John, I think just to refresh everybody's memory, the last equity raise we did was in 2012. As John noted, it was a bit over $9 a share. I think it was $9.50 a share and we raised $335 million. You know, since 2012, our share price has been as high as $13, as low and it went under $2 at one stage. Yeah, the markets have been, you know, not just NovaGold, but really the entire gold space has been pushed around by the marketplace. Yeah, NovaGold, our stock was languishing because we could not provide a path forward. With this transaction behind us, we've done that.

I look at it more on the value of the underlying asset and what we paid for it, which is to say we paid about 20 cents on the dollar to get the extra 10% of the project. You know, a lot of ways to really look at it. Certainly, you know, markets have been, you know, gold stocks have been out of favor for most of the last five, six years. I think that's changing now as gold prices are starting to move up and people are paying attention. You know, I don't. I think we did a transaction that was in the long term best interest of our shareholder. Our market cap, which had been languishing about $1 billion, or frankly in many cases quite under that, is now approaching double from where we were prior when we announced the deal.

I think the marketplace is ultimately the judge of these types of transactions. The marketplace has been very positive on what we've accomplished.

Did your board consider borrowing $200 million instead of issuing stock to give the consideration to Barrick?

John, our board considered many, many alternatives before we landed where we did. You know, borrowing money, frankly, is not much of an option for a company with no revenue. You know, that's just putting a time bomb in your balance sheet. You know, we talked to all sorts of financial players. We engaged actively with the royalty and streaming companies, and our board considered quite a wide variety of alternatives before we ended up with the equity offerings.

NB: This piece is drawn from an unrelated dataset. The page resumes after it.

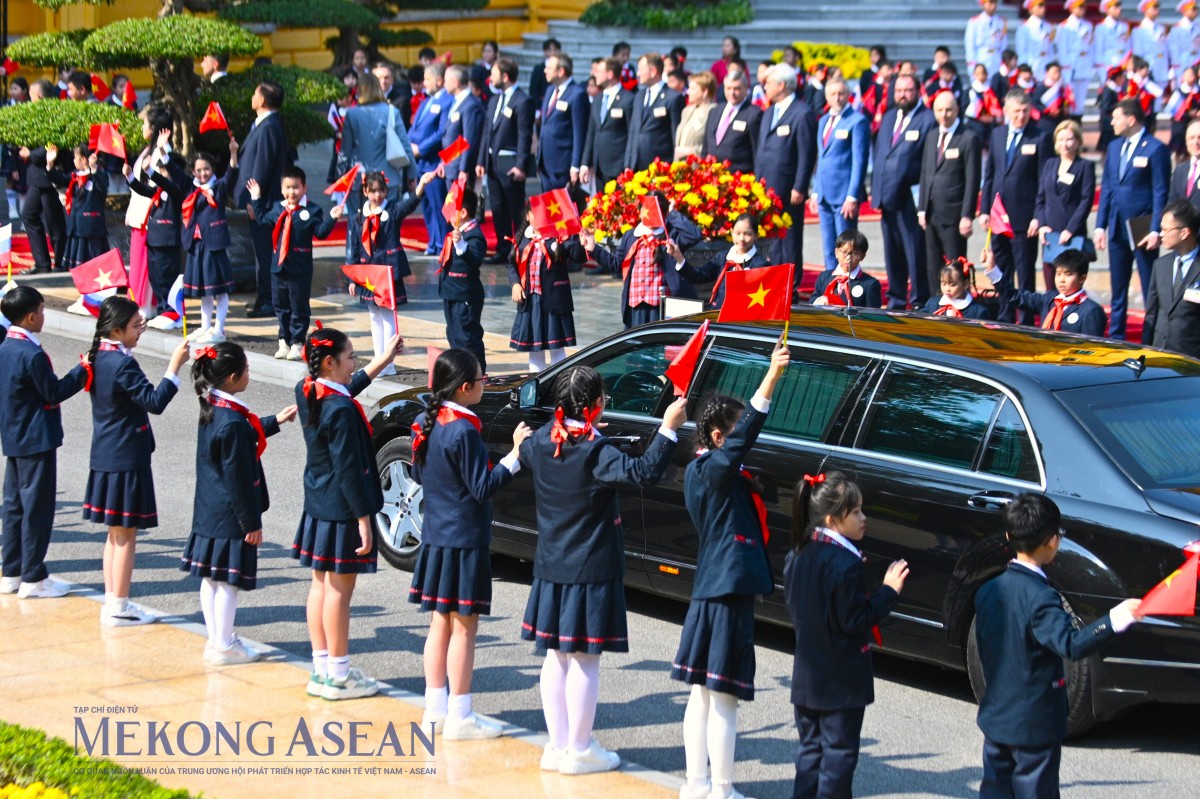 Thủ tướng Phạm Minh Chính chủ trì lễ đón Thủ tướng Nga Mikhail Mishustin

Should we mention on the call, Greg, that you have a tour of the Donlin Gold property next week,

John. We do and I'll let Melanie fill everybody in on the particulars.

Mélanie Hennessey
Vice President of Corporate Communications, NovaGold Resources Inc

Yes, good to highlight that, John, and thanks for having us on the virtual conference today. We have the tour next week with a combination of buy side and sell side and we have a full tour. Really glad that we were able to put that together and able to share a summary of the Donlin Gold project with these participants over the course of three days next week.

Are the logistics defined at Anchorage?

correct?

How long is the flight from Anchorage to the site?

An hour and a half.

Do the people sleep one night or two nights? In the mine camp.

We don't stay at the mine camp. It's just easier. We do part of the presentation out of Anchorage. There's flexibility to do both. Given the numbers of individuals that are part of this tour, it is best that we come back to Anchorage. We will also be meeting with some of our key stakeholders for dinners. That's why it's important for us to come back to Anchorage, to have the ability to maximize the reach and the meetings and the information that can be shared with all of our participants.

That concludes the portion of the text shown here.